Cover and cook, stirring often, until veggies are soft. Remove from heat and set aside.
Mashed Potato Topping
6 Large Boiling Potatoes (Red, White or Yukon Gold) peeled and chopped into 1 inch pieces
1/3 of an 8 oz Block Cream Cheese
3 Tbsp Butter
1/3 C Milk or Half and Half
Salt and Pepper to taste
Put potatoes in a large pot and cover with water. If you want to add salt (which I do) add it now, otherwise if you try to salt it later after the potatoes are cooked it will take twice as much salt to get the desired taste. Boil potatoes until tender and drain. Either put potatoes back in pot or in a large mixing bowl. Add cream cheese, butter and pepper and mash together. Whip the potatoes with a hand or stand mixer, slowly adding the milk or half and half until you get the desired consistency.
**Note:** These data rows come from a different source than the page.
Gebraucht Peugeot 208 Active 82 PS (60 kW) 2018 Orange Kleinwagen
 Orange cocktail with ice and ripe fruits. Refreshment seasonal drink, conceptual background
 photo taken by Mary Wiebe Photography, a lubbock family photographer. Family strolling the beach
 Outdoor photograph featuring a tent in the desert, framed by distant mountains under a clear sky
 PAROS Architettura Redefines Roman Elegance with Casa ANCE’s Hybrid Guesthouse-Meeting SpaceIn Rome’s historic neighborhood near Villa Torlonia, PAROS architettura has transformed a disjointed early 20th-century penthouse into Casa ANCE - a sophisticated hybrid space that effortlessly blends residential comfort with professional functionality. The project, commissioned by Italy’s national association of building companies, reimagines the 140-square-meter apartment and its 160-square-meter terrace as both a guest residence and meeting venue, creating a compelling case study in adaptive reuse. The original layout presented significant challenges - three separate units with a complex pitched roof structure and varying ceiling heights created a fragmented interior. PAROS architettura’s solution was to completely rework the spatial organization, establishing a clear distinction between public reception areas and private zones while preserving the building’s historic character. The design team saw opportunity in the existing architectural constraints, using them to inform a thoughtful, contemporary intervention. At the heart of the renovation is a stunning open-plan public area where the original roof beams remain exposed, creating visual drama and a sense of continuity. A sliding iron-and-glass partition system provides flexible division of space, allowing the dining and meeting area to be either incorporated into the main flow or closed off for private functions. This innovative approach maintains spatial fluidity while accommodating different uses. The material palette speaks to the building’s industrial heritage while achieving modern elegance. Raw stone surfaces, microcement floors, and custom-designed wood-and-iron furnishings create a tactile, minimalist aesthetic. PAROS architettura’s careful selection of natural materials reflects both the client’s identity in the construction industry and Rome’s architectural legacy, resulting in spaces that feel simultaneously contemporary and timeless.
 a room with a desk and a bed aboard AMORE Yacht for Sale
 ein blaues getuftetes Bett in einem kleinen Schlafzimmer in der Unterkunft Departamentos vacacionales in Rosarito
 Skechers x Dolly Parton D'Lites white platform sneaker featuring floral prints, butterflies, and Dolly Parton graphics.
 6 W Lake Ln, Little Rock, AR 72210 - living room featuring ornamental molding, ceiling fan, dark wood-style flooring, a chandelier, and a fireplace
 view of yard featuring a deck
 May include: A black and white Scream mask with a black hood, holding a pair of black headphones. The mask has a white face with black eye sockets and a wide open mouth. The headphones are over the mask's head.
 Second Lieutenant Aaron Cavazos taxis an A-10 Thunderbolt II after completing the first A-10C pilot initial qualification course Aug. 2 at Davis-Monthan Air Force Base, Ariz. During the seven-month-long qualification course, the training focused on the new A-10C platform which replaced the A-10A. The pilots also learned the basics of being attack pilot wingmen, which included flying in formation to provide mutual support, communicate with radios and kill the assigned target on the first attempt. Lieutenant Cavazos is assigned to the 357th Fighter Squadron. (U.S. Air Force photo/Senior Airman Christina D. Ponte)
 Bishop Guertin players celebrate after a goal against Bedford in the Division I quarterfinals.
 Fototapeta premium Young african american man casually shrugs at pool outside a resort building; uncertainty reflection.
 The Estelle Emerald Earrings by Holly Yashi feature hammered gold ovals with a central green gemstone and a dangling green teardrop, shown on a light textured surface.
Place the filling in a large baking dish and spread evenly. Spread the mashed potatoes over the top using a cake spatula or a butter knife making sure that the potatoes seal in the filling all the way to the edge of the dish.
Cover with the cheddar cheese and bake in oven for approximately 20-25 mins, watching for the cheese to melt and the potatoes to get slightly brown.